A KENDAL student who helped supply cannabis to one of his friends has landed before a judge at Carlisle Crown Court on a drug dealing charge.

Mark David Langhorne, 20, was arrested after a drugs raid on his flat in Well Ings on May 4 last year.

He was found with a small package of cannabis, while “incriminating” text messages were found on his mobile phone, prosecutor David Dunk told the court.

These showed he had been regularly contacted by a man known as “Josh W” about the supply of cannabis, he said.

Langhorne pleaded guilty to being concerned in the supply of cannabis.

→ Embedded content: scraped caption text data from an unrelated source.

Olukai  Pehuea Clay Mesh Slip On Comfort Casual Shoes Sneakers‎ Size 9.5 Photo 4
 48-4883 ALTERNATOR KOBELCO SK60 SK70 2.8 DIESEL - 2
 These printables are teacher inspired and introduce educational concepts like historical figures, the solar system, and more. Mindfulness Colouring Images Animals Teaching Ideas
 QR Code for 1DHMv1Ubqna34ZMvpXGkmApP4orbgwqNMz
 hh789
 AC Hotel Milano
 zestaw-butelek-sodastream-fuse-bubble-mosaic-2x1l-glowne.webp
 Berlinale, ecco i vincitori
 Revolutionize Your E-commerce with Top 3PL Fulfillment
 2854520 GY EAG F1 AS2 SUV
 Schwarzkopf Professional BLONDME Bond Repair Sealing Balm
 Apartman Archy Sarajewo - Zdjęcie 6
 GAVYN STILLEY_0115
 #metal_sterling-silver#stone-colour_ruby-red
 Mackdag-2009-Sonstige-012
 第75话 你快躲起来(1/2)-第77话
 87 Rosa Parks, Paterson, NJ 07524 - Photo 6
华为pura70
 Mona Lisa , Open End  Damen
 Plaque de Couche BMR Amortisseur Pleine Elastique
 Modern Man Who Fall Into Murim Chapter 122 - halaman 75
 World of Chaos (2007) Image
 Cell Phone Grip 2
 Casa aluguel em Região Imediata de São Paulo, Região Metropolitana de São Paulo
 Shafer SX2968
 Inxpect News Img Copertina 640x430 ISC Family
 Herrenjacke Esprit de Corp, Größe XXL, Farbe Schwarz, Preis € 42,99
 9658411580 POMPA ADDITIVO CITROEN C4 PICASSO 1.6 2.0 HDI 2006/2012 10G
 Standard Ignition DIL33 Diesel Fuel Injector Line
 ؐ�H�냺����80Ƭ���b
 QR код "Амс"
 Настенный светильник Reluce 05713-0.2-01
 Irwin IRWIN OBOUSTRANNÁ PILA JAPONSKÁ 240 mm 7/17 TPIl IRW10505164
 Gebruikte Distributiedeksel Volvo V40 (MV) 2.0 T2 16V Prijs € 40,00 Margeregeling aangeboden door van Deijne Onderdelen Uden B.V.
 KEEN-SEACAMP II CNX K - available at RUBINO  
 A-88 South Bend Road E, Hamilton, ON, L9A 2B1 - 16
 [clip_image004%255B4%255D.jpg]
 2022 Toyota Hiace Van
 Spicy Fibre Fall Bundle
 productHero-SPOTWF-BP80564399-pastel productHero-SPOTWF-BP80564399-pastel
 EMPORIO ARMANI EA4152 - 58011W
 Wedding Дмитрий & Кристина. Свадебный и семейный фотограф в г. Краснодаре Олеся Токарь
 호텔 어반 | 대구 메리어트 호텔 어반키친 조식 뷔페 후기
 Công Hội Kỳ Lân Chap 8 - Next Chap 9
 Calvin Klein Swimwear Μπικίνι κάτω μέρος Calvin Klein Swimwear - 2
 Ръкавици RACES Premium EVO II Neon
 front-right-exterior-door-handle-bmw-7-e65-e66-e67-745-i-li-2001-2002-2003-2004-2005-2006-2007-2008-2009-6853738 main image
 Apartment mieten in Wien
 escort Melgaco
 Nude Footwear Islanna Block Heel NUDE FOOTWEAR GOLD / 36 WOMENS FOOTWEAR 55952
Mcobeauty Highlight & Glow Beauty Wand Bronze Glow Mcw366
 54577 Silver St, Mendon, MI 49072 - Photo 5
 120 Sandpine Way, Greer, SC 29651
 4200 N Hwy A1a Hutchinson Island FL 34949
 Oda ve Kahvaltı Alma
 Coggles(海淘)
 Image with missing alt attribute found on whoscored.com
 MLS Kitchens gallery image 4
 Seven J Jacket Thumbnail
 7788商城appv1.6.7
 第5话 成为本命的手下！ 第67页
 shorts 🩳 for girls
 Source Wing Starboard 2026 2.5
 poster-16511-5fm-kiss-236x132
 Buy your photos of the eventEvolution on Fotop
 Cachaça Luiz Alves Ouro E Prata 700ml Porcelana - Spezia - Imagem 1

But he did so, defence advocate Chris Evans said, only on the basis that, being a regular drug user, he knew where to get cannabis, while his friend “Josh W” did not.

So, Mr Evans said, for a few days Langhorne acted as a go-between between the drug dealers and his friend.

He made no financial profit from it, he said, but received small amounts of cannabis from the dealers for his trouble.

Mr Evans said Langhorne had now “distanced himself” from his drug-using friends after realising that his use of cannabis was “just a complete waste of time”.

The judge, Recorder Kevin Talbot, told Langhorne that unless he stopped committing such offences he would end up in prison.

“That would be nothing short of a disaster for you and your family,” he said.

Langhorne was put under probation supervision for a year and made to do 200 hours unpaid community work.